Der vormalige Laubnitzer Ortspfarrer Heinrich Hüffmeier, der im Kriege in Berlin-Wilmersdorf als Pfarrer an der Lindenkirche wirkte, 1934 die Schrift „Evangelische Antwort auf Rosenbergs Mythus des 20. Jahrhunderts“ verfasst hatte und 1948 Superintentent seines Stadtbezirks wurde, kümmerte sich in der Haftanstalt Moabit um den Verurteilten und stellte die Verbindung zu dessen Angehörigen her. Hüffmeier berichtete, das besonders folgende Äußerung Hans Benzler zum Verhängnis wurde: Man dürfe sich nicht über die immer schlechter werdende Lage wundern, denn von der Führung eines blödsinnig gewordenen Gefreiten könne man nichts anderes erwarten.

Beinahe noch hätte das Schlimmste abgewendet werden können, denn der Reichsmarschall Hermann Göring als oberster Chef der Luftwaffe hielt seine schützende Hand über seinen Untergebenen, soweit es möglich war. Auch fanden sich weitere Fürsprecher, wie der Bruder von Pfarrer Hüffmeier, Konteradmiral Friedrich Hüffmeier (a, b), vormals Kommandant des Schlachtschiffs „Scharnhorst“, der beim Oberkommando der Marine in Bernau bei Berlin tätig war und 1945 als Vizeadmiral Kommandant der Kanalinseln wurde.

Doch das Schicksal wollte es anders. Es kam der 20. Juli 1944 mit dem Attentat auf Adolf Hitler, und alle Bemühungen zur Rettung von Hans Benzler waren damit vergeblich. Am 11. November 1944 wurde Hans Benzler in Berlin-Jungfernheide erschossen. Pastor Hüffmeier erreichte unter strengsten Auflagen, dass die Asche von Hans Benzler  freigegeben wurde. Hüffmeier fuhr mit der Reichsbahn nach Laubnitz, im Handgepäck die Urne mit der Asche.

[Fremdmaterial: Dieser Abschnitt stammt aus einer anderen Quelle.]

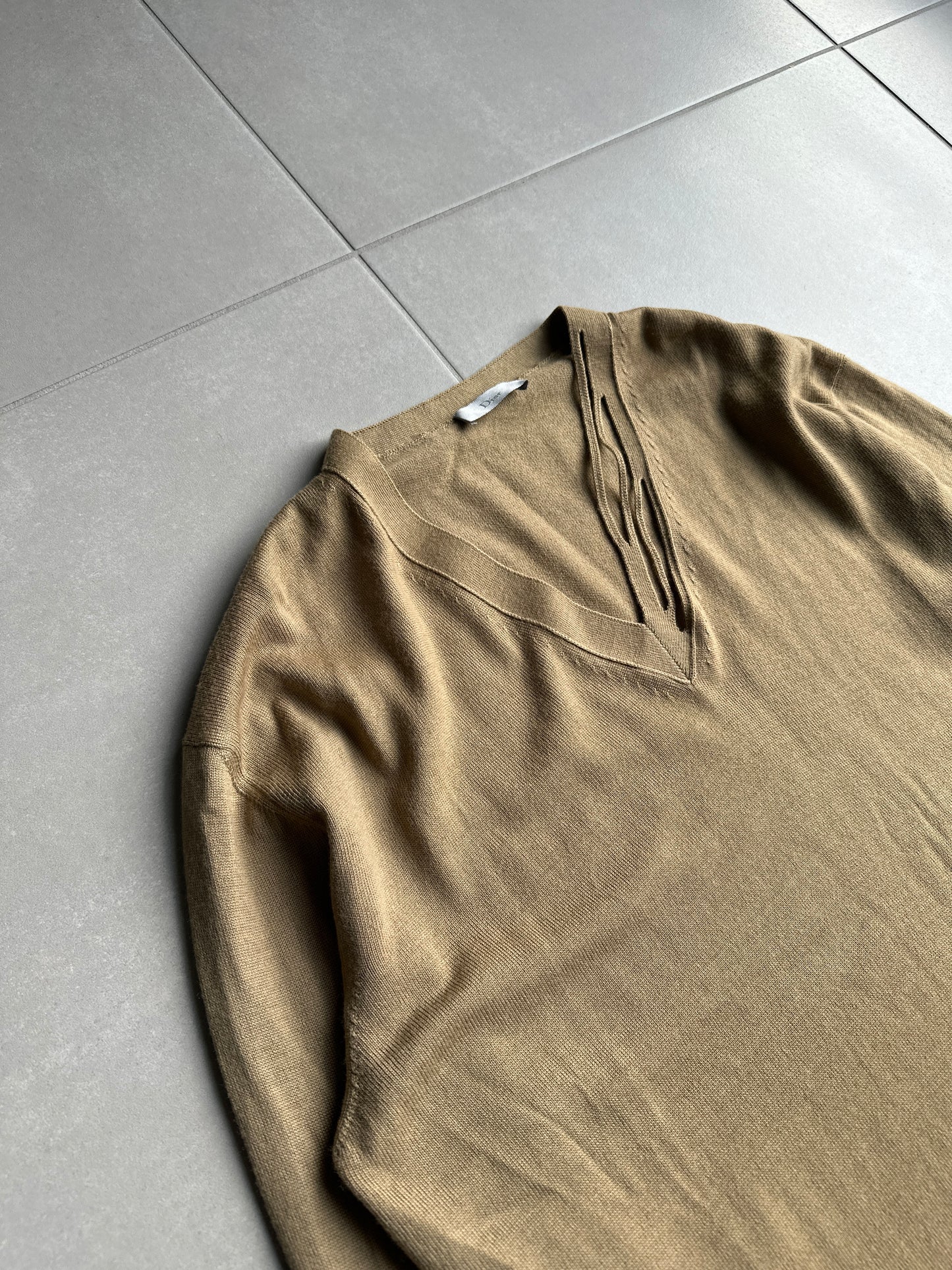 Dior Homme AW04 “VOTC” runway slashed V-neck sweater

Niemand außer den engsten Familienangehörigen durfte von Hans Benzlers Schicksal erfahren, geschweige denn an seiner Beisetzung teilnehmen. Nicht einmal der langjährigen Bediensteten seiner Mutter wurde gestattet, ihn auf seinem letzten Weg zu begleiten. Heimlich gruben seine Schwester und seine Schwägerin auf der Benzlerschen Familiengrabstätte des Laubnitzer Friedhofs an der Mauer zum Pfarrgarten ein Loch, das die Urne mit den sterblichen Überresten aufnehmen sollte. Die kleine Gruppe, bestehend aus Pastor Hüffmeier und Hans Benzlers Frau, Mutter, Schwester und Schwägerin, begab sich am 24. November 1944 in der Dunkelheit des Abends in aller Stille zum Friedhof, um die Urne mit der Asche von Hans Benzler in die Heimaterde zu versenken. Kein anderer Dorfbewohner erfuhr von seinem Ende.